It's obvious at this point that the very nature of NHL Hockey is a threat to the best players in the game. If there is a collective desire to continue to see the best hockey players perform on centre stage night after night, we need to make some changes to ensure the long term health of the game and players we love.
As well, any parent who scrutinizes their children's TV viewing habits knows that an NHL hockey game is dicey family viewing at best. It's pretty tough to explain why everything we teach our kids on a daily basis (i.e., non-violence, respect for authority, respect for others) can be thrown out the window when it comes to an NHL hockey game. Physical violence and fighting that causes concussions aside, hockey is one of very few professional sports where verbal abuse of a referee is "part of the game". If you watch the NHL as a family, I guess you make your best pitch and then keep your fingers crossed that your child doesn't bully or swear at an adult just because they feel like it...
We are selling ourselves and this game short to maintain the status quo. This great game stands on its own merits. No one would argue the quality of The World Junior and Olympic tournaments that are void of the cultural issues outlined above. So what can be done to save this great Canadian game?
Hockey is in desperate need of new leadership. I understand that the Don Cherry's of the world have earned their place in Hockey History. But in any other industry, this man would have received his walking papers when he insulted Stu Grimson, Chris Nilan and Jim Thomson for linking the issue of fighting in hockey to possible addiction and/or emotional problems later in life. (Afterall, these men are heros in my mind for admitting their demons.) It's time for a new Hockey Night in Canada spokesperson, and for the owners to realize that getting one would result in more people watching the game.

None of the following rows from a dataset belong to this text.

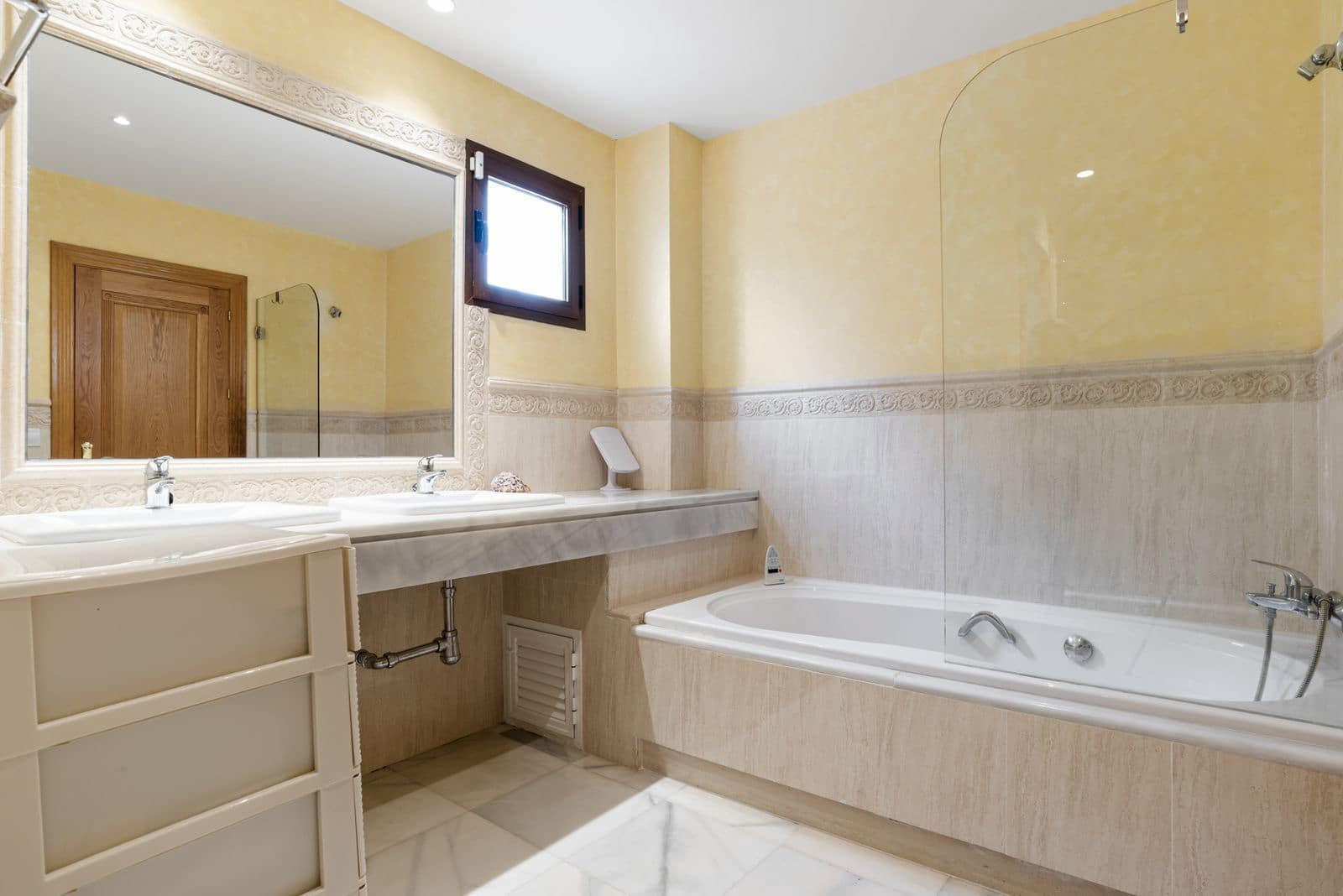 2 makuuhuone Huoneisto myytävänä paikassa Golden Mile - 950 000 € (Ref: 9564876)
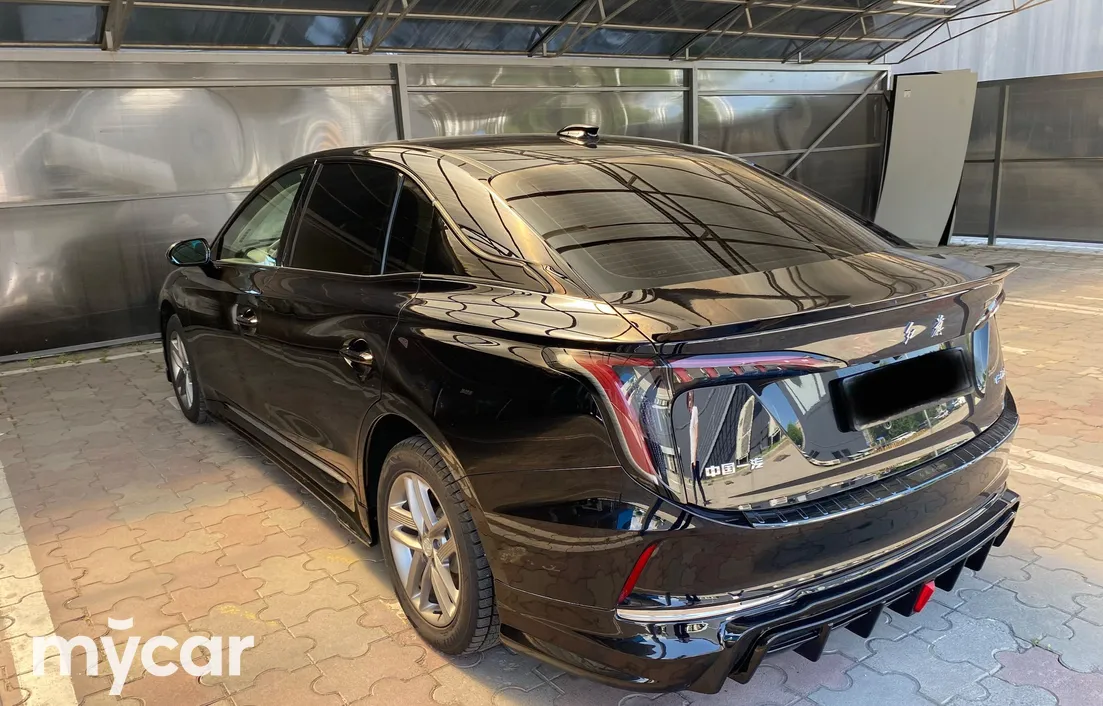 Hongqi E-QM5 2025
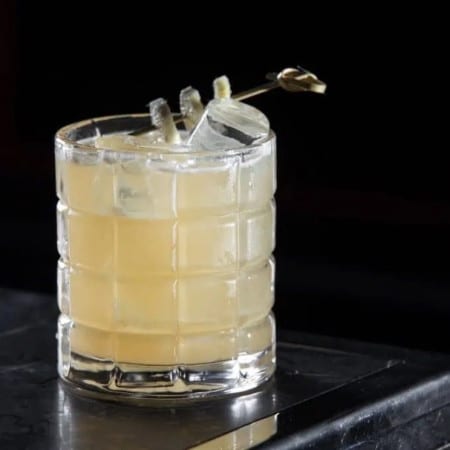 Penicillin Cocktail mit Kandiertem Ingwer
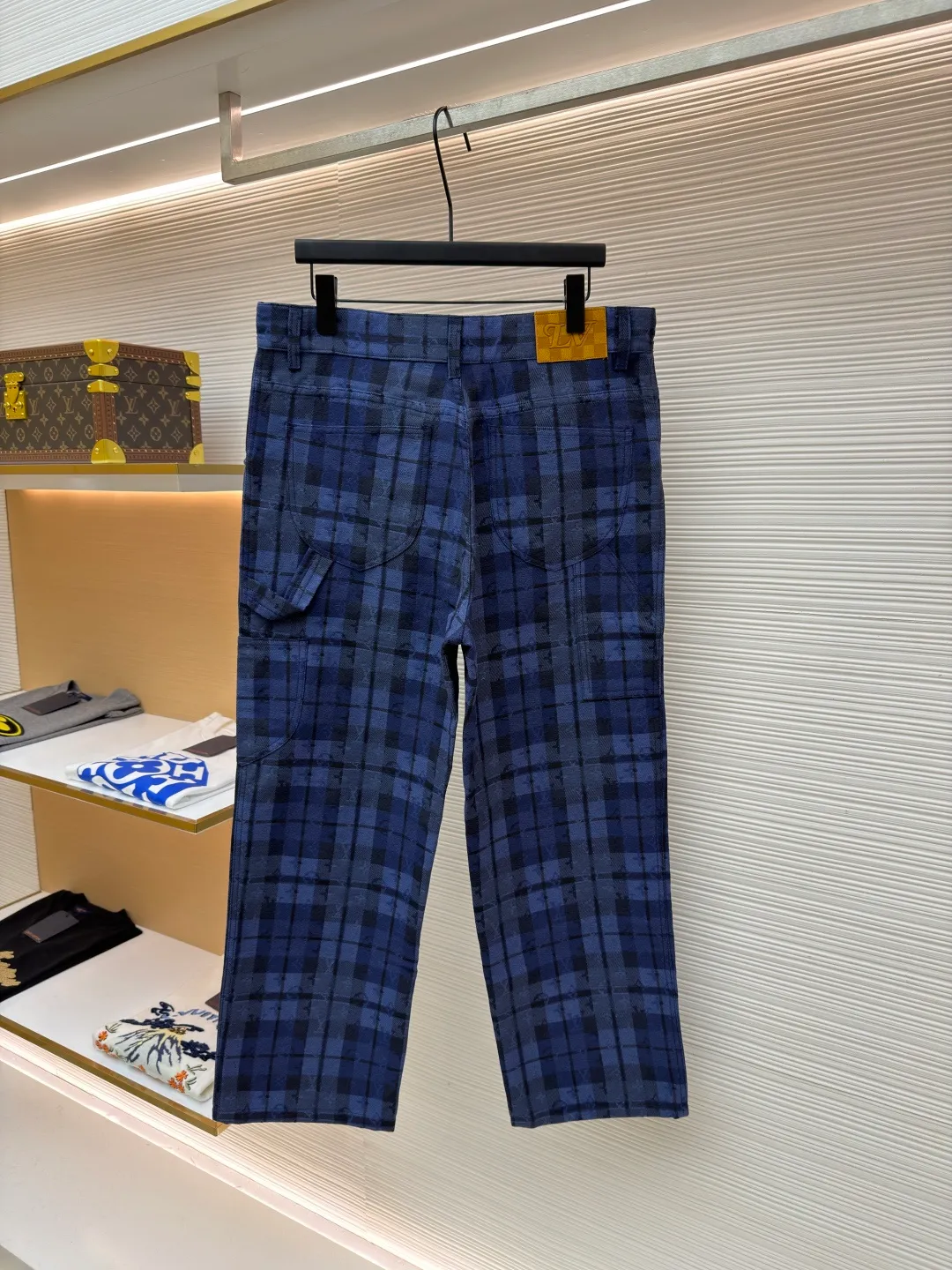 LOUIS VUITTON plaid denim work trousers ●Original version: Purchased and developed for 15950 ●Item number: 1682081-B10 ●Material: cotton fabric ●Technology: jacquard production ●Color: blue ●Version: fitted version ●Weight: about 595 grams ●Size: S-M-L-XL ●Description: This style of denim trousers uses dark and light tones to highlight Monogram and the elegant touches of plaid jacquard. Interior and exterior chest pockets add a touch of style, and an embossed leather label sits at the back. Regular fit 85% cotton, 15% polyester, logo jacquard, pearlescent buttons, thigh patch pockets, back panel pockets, side pockets, rear logo patch. The overall wiring is straight and delicate, the fabric is comfortable and soft, and the color is consistent without color difference. It can be matched with the same style to create a fashionable look and control various occasions. Customized accessories, complete with three standards, same style for men and women!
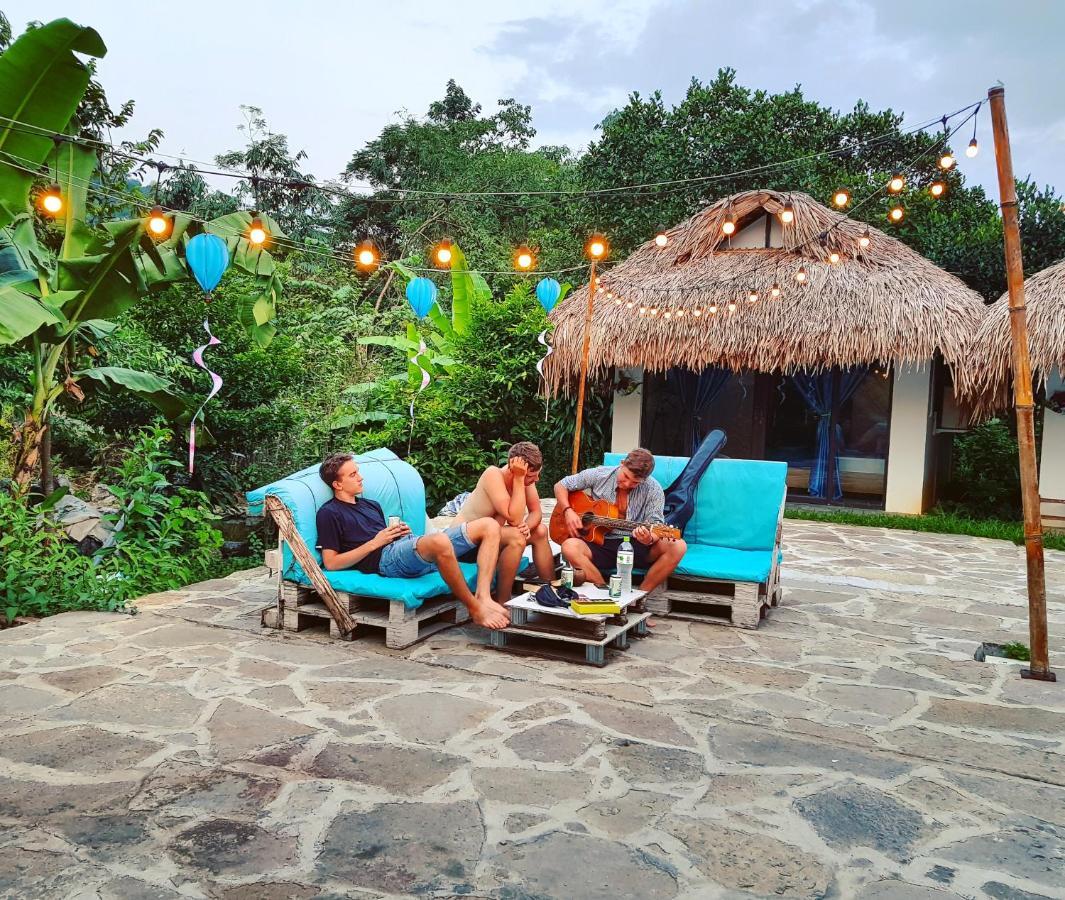 Nomadders Ha Giang Hostel ภายนอก รูปภาพ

I also believe that it's time for some NHL players to take a leadership role. Think of how Sydney Crosby is idolized in the NHL. I'm astounded at that this young man who is possibly at risk of losing his hockey career (aka his life). Why is he not taking the opportunity to say loud and clear that something needs to change about the rules of the game?
I'm keeping my fingers crossed that true leaders - spokespeople, coaches and players alike - will step up to the plate. The minute they do, I'll start watching the NHL and I think many others will do the same. Then more money and fame (which ironically NHL players and owners feel are at risk if the game is changed) will follow.